ASSIGNMENT:
When you set down the entries, keep every word exactly as it is but drop the pictures.

Captioned web image data:
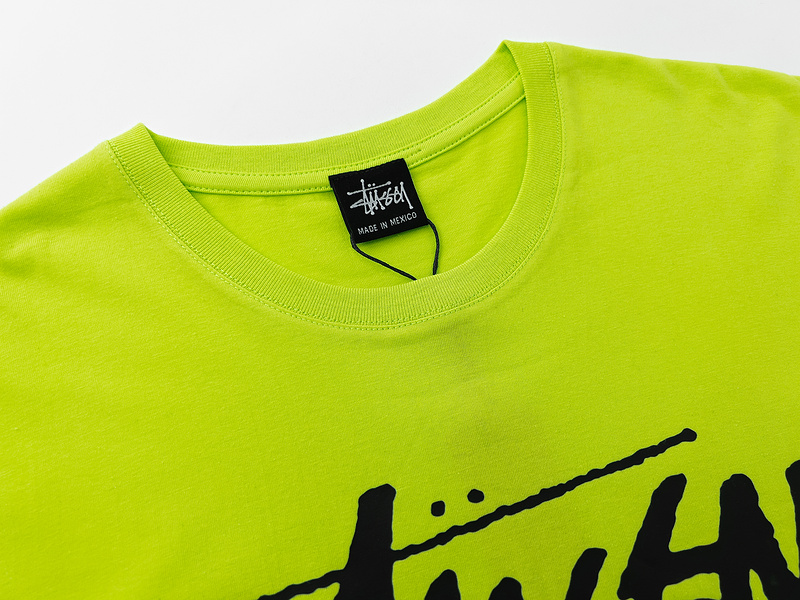 Stussy  T-shirt XB914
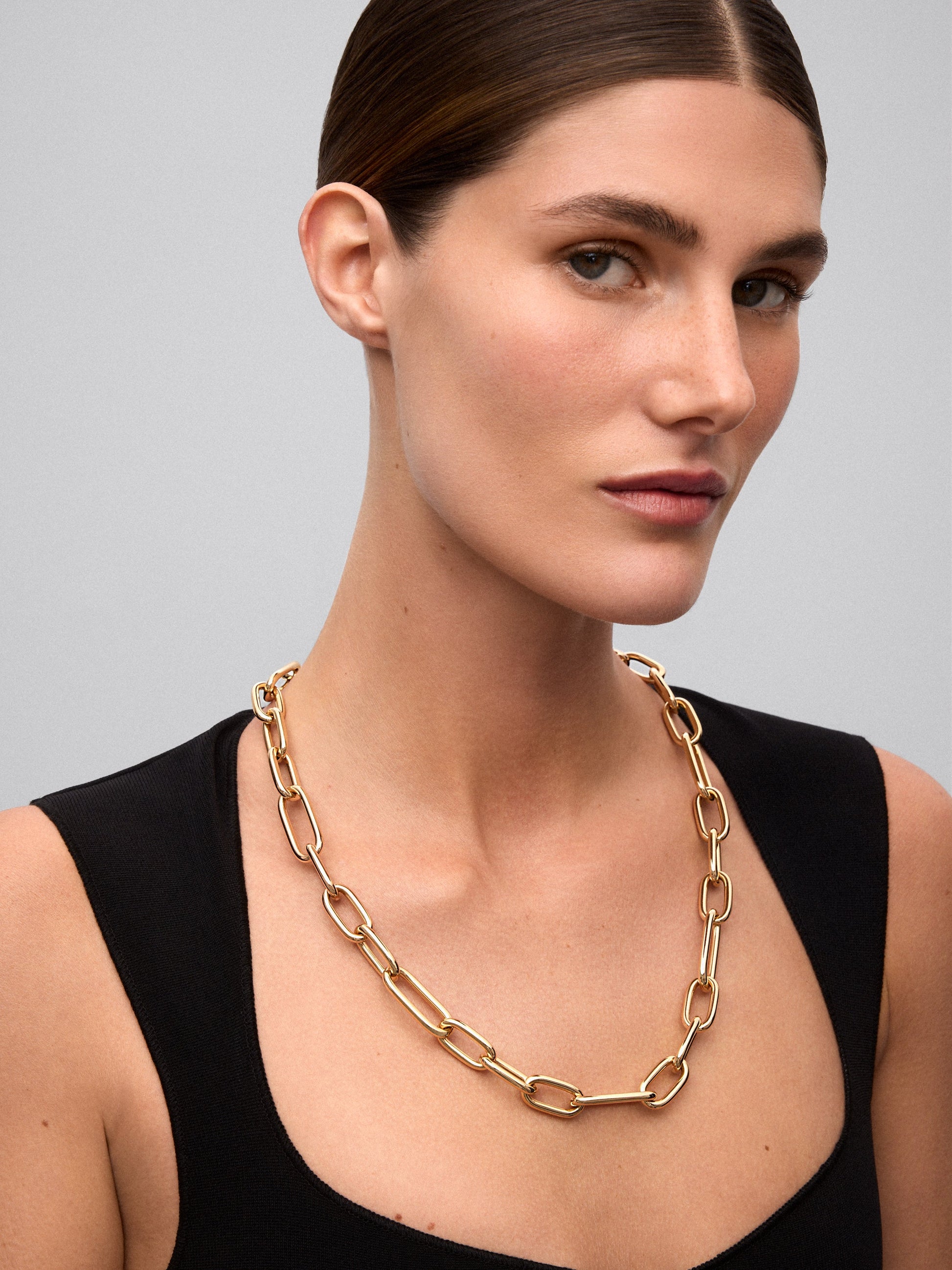 Collar corto de eslabones grandes de oro amarillo de 18K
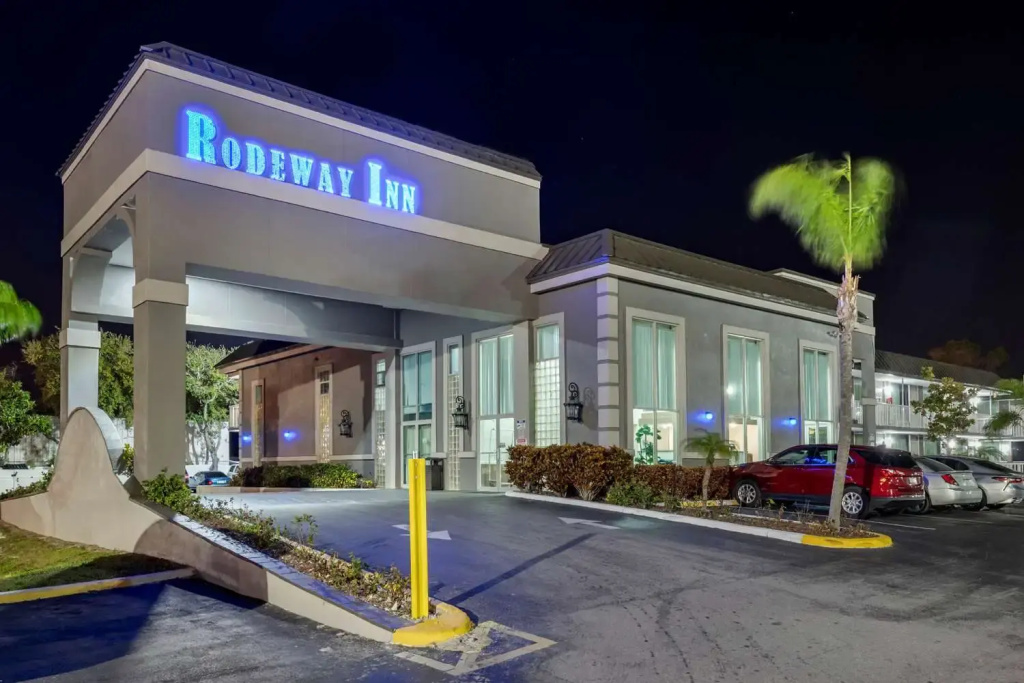 Econo Lodge Inn & Suites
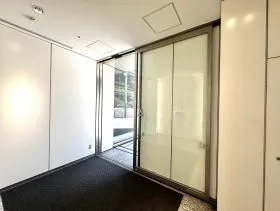 京橋創生館ビルの外観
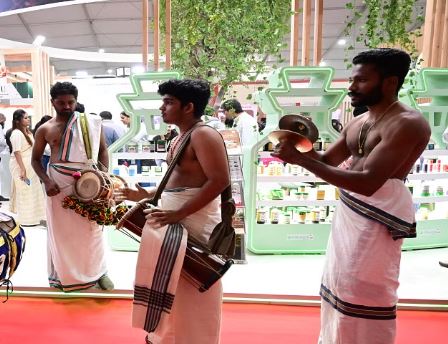 दिखी केरल संस्कृति की झलक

RESPONSE:
 Stussy  T-shirt XB914
 Collar corto de eslabones grandes de oro amarillo de 18K
 Econo Lodge Inn & Suites
 京橋創生館ビルの外観
 दिखी केरल संस्कृति की झलक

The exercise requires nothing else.